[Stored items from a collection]
○ ○ ○

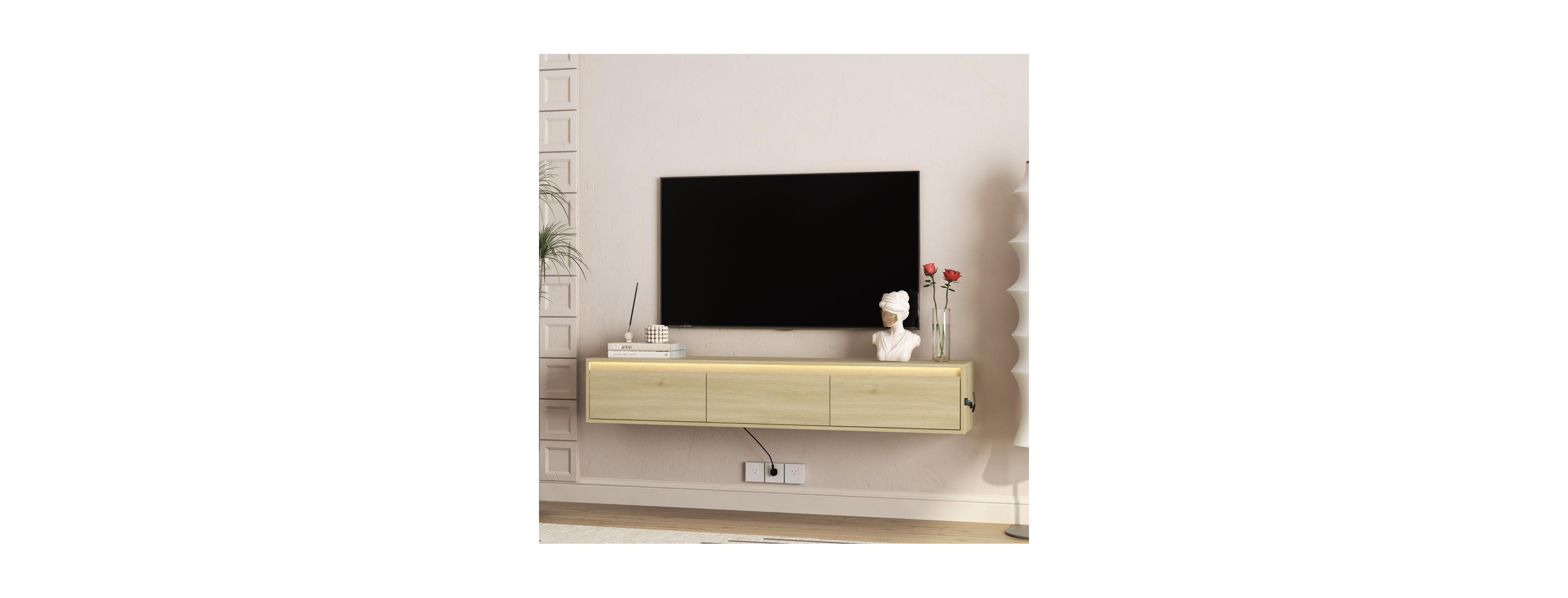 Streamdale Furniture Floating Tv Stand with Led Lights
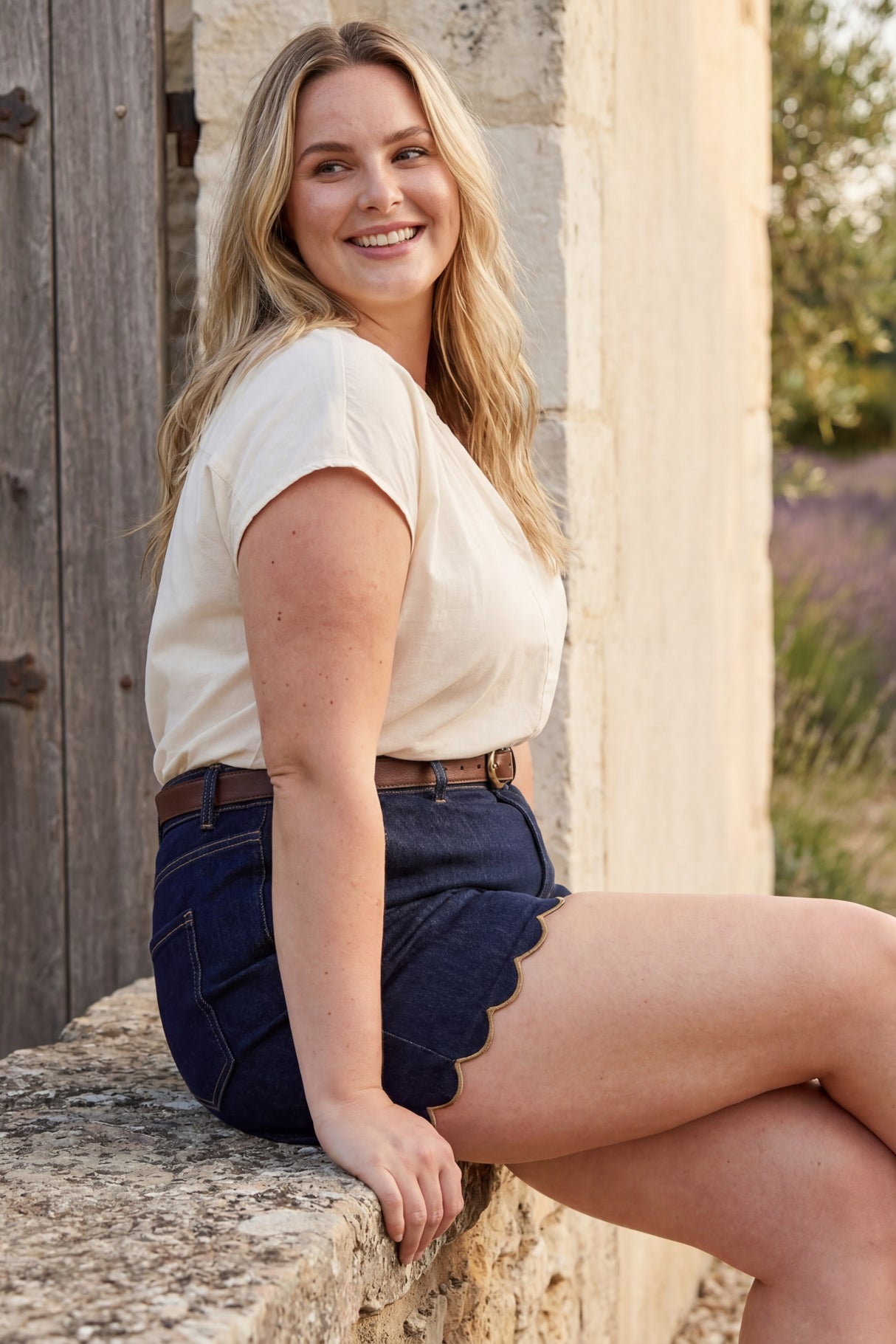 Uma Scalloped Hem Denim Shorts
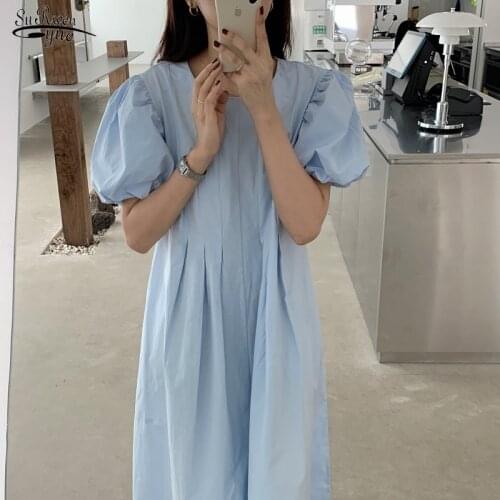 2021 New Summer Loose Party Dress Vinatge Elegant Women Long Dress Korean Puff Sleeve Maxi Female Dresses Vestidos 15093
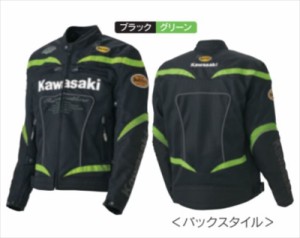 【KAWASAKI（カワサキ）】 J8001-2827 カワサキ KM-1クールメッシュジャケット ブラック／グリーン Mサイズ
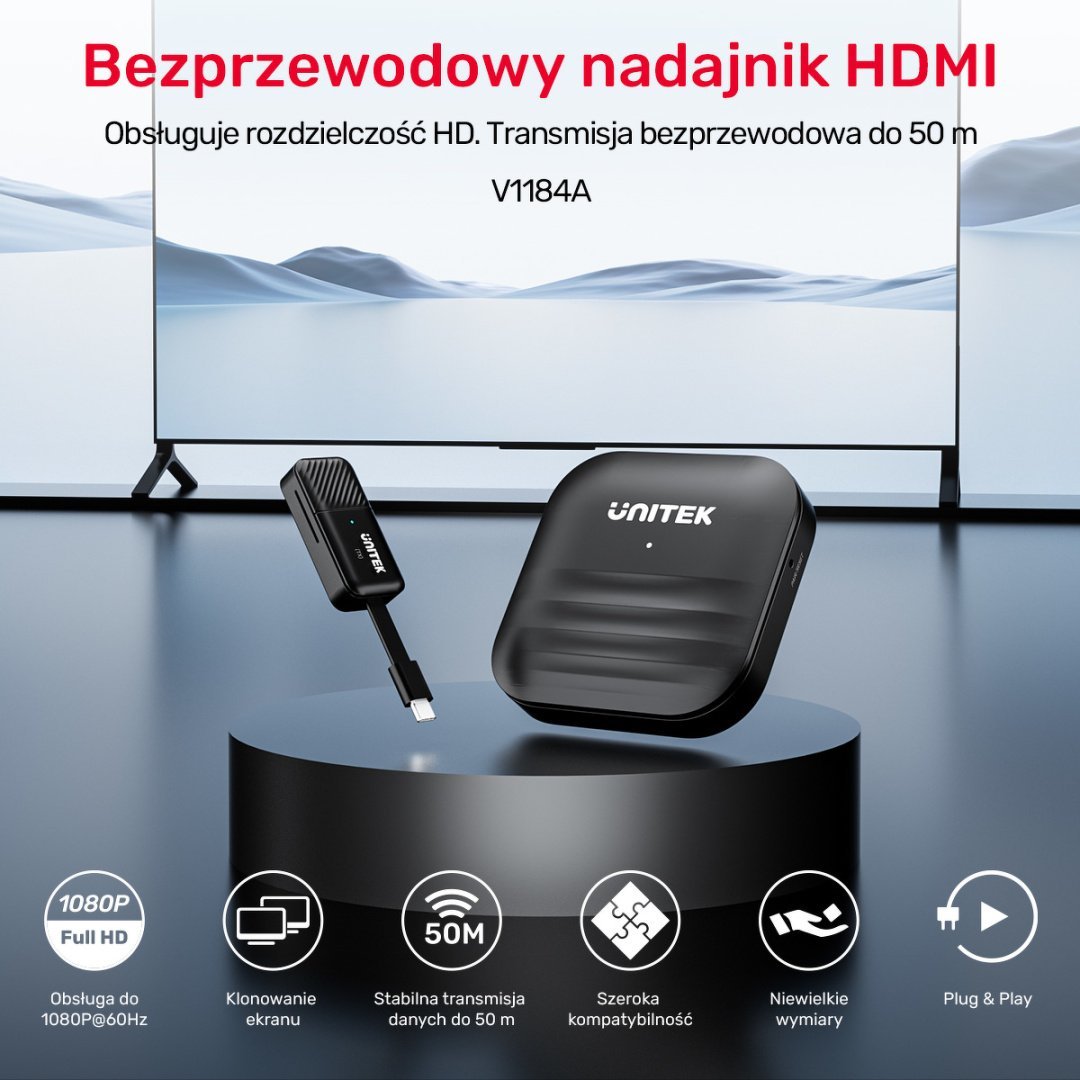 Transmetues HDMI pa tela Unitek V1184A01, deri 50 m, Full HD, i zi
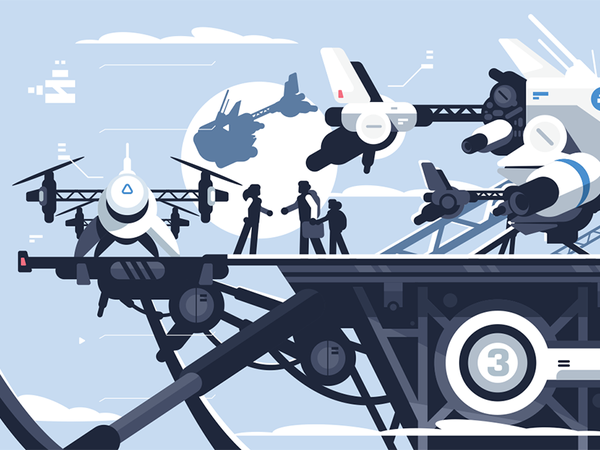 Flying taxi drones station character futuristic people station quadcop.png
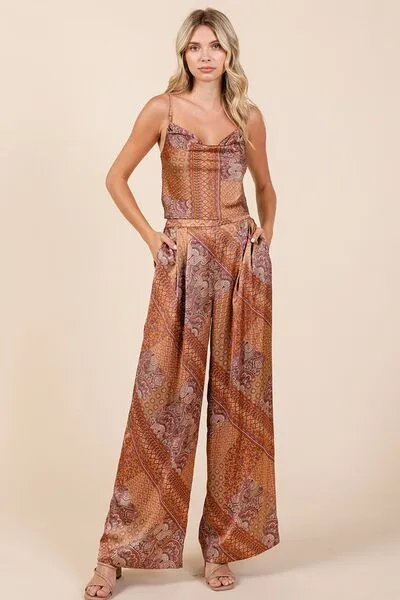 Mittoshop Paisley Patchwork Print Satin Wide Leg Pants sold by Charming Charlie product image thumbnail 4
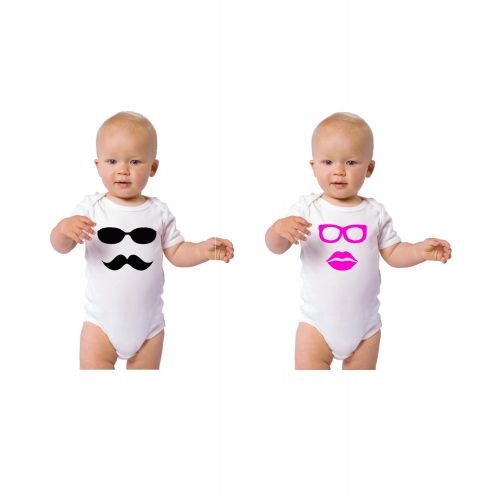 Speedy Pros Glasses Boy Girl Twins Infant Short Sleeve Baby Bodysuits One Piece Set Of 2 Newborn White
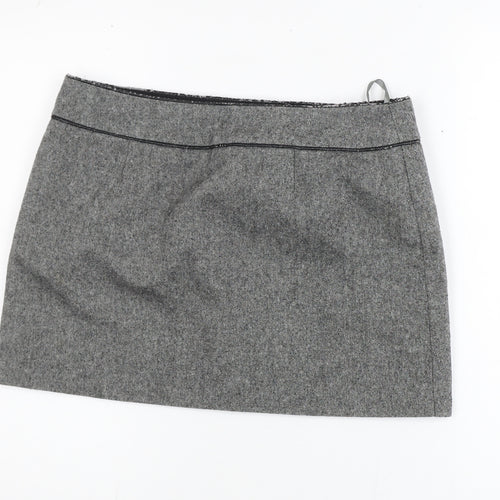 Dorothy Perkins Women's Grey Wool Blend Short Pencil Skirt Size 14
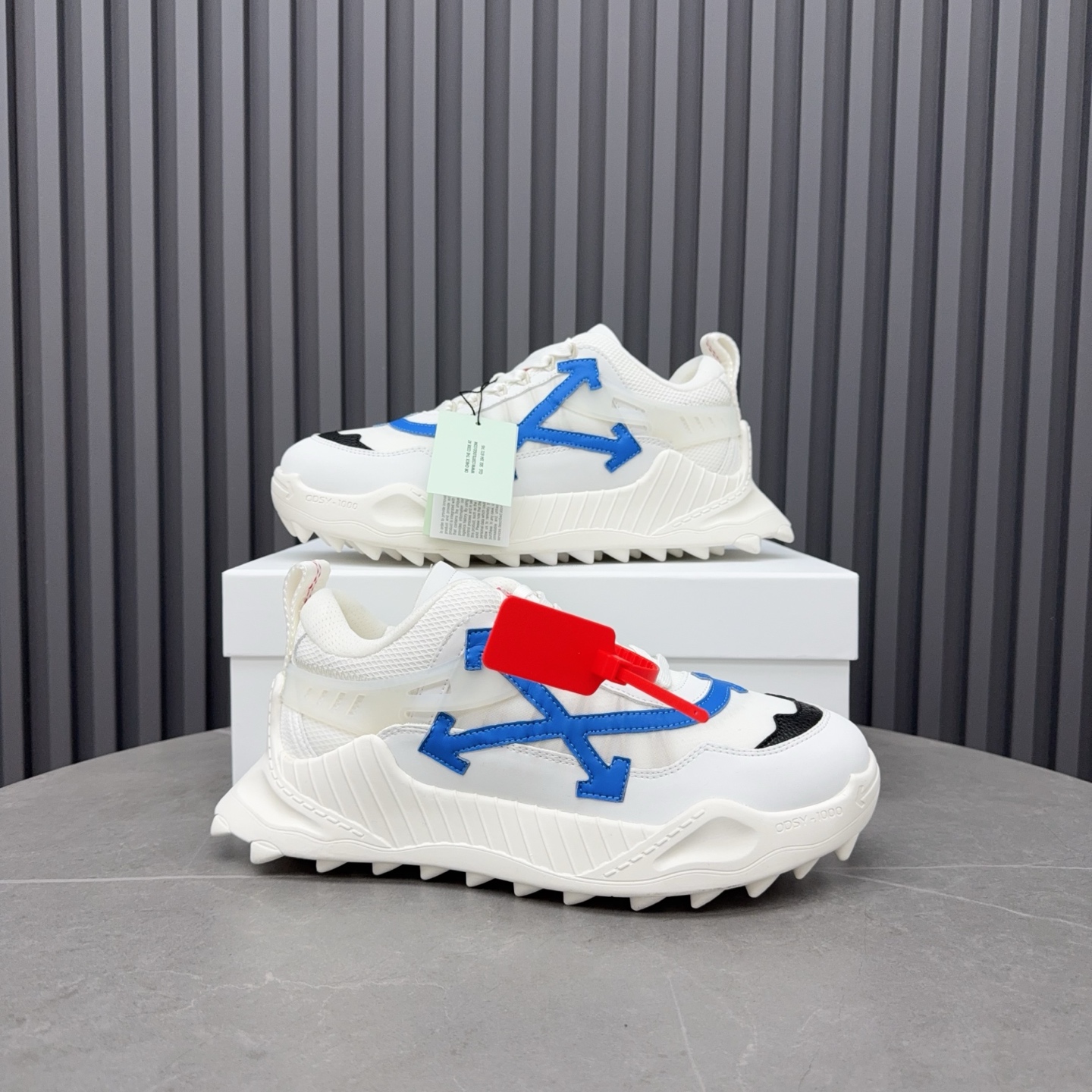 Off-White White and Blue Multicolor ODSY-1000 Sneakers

○ ○ ○

→ **What is being asked**: Output each record above word for word, leaving out images.

→ **Answer to this exercise**:
 Streamdale Furniture Floating Tv Stand with Led Lights
 Uma Scalloped Hem Denim Shorts
 2021 New Summer Loose Party Dress Vinatge Elegant Women Long Dress Korean Puff Sleeve Maxi Female Dresses Vestidos 15093
 【KAWASAKI（カワサキ）】 J8001-2827 カワサキ KM-1クールメッシュジャケット ブラック／グリーン Mサイズ
 Transmetues HDMI pa tela Unitek V1184A01, deri 50 m, Full HD, i zi
 Flying taxi drones station character futuristic people station quadcop.png
 Mittoshop Paisley Patchwork Print Satin Wide Leg Pants sold by Charming Charlie product image thumbnail 4
 Speedy Pros Glasses Boy Girl Twins Infant Short Sleeve Baby Bodysuits One Piece Set Of 2 Newborn White
 Dorothy Perkins Women's Grey Wool Blend Short Pencil Skirt Size 14
 Off-White White and Blue Multicolor ODSY-1000 Sneakers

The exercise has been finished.